If you do not require a start command, you can use a command that exits with a zero exit code, for example /bin/true. An example of this is where the application is monitoring the amount of disk space on a mount point. There is no application to start.

app_stop_cmd (required)

Command you use, such as any program, script, or executable file, to stop the application. You use this command typically during system shutdown or when restarting applications. The stop command is successful if it exits with a zero exit code. The command must shut down the application cleanly (remove all processes, files, locks, and so on) so that a subsequent start command executes without problems. If the command does not complete in 300 seconds, it is forcibly terminated.

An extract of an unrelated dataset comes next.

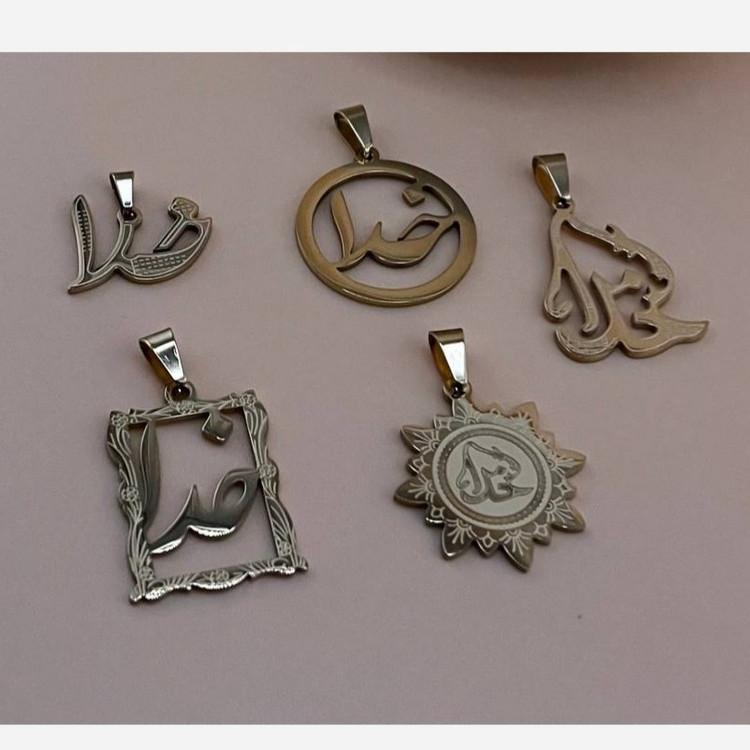 گردنبند و آویز پلاک استیل خدا و الله در تنوع طرح رنگ کاملا ثابت کد ki (پس کرایه)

If required, you can use the -o and –e options to have the aurora_mon daemon capture stdout/stderr, otherwise it is redirected to /dev/null. To run the command as a specified user, you must have an su –c wrapper or have set the setuid bit of the application.

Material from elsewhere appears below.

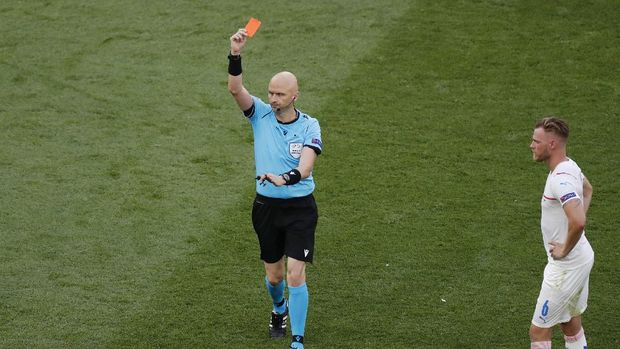 Soccer Football - Euro 2020 - Round of 16 - Netherlands v Czech Republic - Puskas Arena, Budapest, Hungary - June 27, 2021 Netherlands' Matthijs de Ligt is shown a red card by referee Sergei Karasev Pool via REUTERS/Laszlo Balogh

If you do not require a stop command, you can use a command that exits with a zero exit code, for example /bin/true. An example of this is where the application is monitoring the amount of disk space on a mount point. There is no application to stop.

heartbeat_check_cmd (required)

Command (any program, script, or executable) to check, the aliveness of the application. The ping is successful (the application is considered alive) if the command exits with zero exit code.

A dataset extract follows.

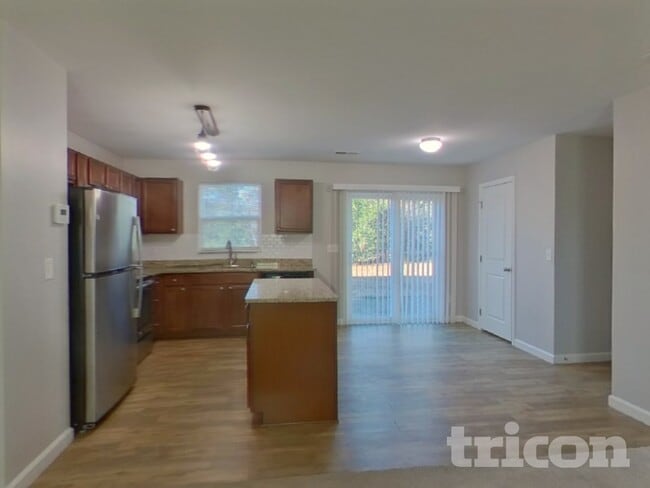 Building Photo - 415 Merus Dr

If required, you can use the -o and –e options to have the aurora_mon daemon capture stdout/stderr, otherwise it is redirected to /dev/null. To run the command as a specified user, you must have an su –c wrapper or have set the setuid bit of the application.

heartbeat_period (optional, defaults to 30)

The time in seconds between each heartbeat ping (heart_check_cmd is issued every heartbeat_period seconds). The value can be between 1 second and 600 seconds, and defaults to 30 seconds if not specified. A new heart_beat command is not issued until the previous command finishes.

heartbeat_ignore_fail_count (optional, defaults to 0)

Specifies the number of consecutive heartbeat_check_cmd failures, after which the application is considered to have failed. For example, if heartbeat_ignore_fail_count is 3, the application is considered to have failed after a fourth consecutive heartbeat_check_cmd executes. The first three failures are ignored. This reduces the possibility of a false positive due to intermittent application problems or transient network problems that cause the heartbeat_check_cmd to fail.

app_restart_retry_count (optional, defaults to 3); app_restart_retry_freq (optional, defaults to 10 minutes)

The number of times aurora_mon attempts to restart an application after a failure, and the period of time that elapses before aurora_mon attempts to restart the application. For example, if app_restart_retry_count is 3 and app_restart_retry _freq is 10 minutes, aurora_mon makes three attempts to restart the application and waits 10 minutes before trying again.

heartbeat_fail_action (optional, defaults to RESTART_APP)

The action taken when an application is considered to have failed (after heartbeat_ignore_fail_count consecutive heartbeat_check_cmd failures). The following values are acceptable:

JUST ALERT. Send alert only.

RESTART_APP. Restart the application (attempt app_restart_retry_count times, and wait app_restart_retry_freq time before you try again.

RESTART_VM. Restarts the virtual machine by stopping the virtual machine app monitoring SDK heartbeat to the underlying VMware HA service. The HA virtual machine properties of the cluster determine the virtual machine restart interval and counts.

RESTART_APP_THEN_VM. Attempts to restart the application app_restart_retry_count times. If the command fails to restart the application, it resets the virtual machine using the Guest and HA Application Monitoring SDK.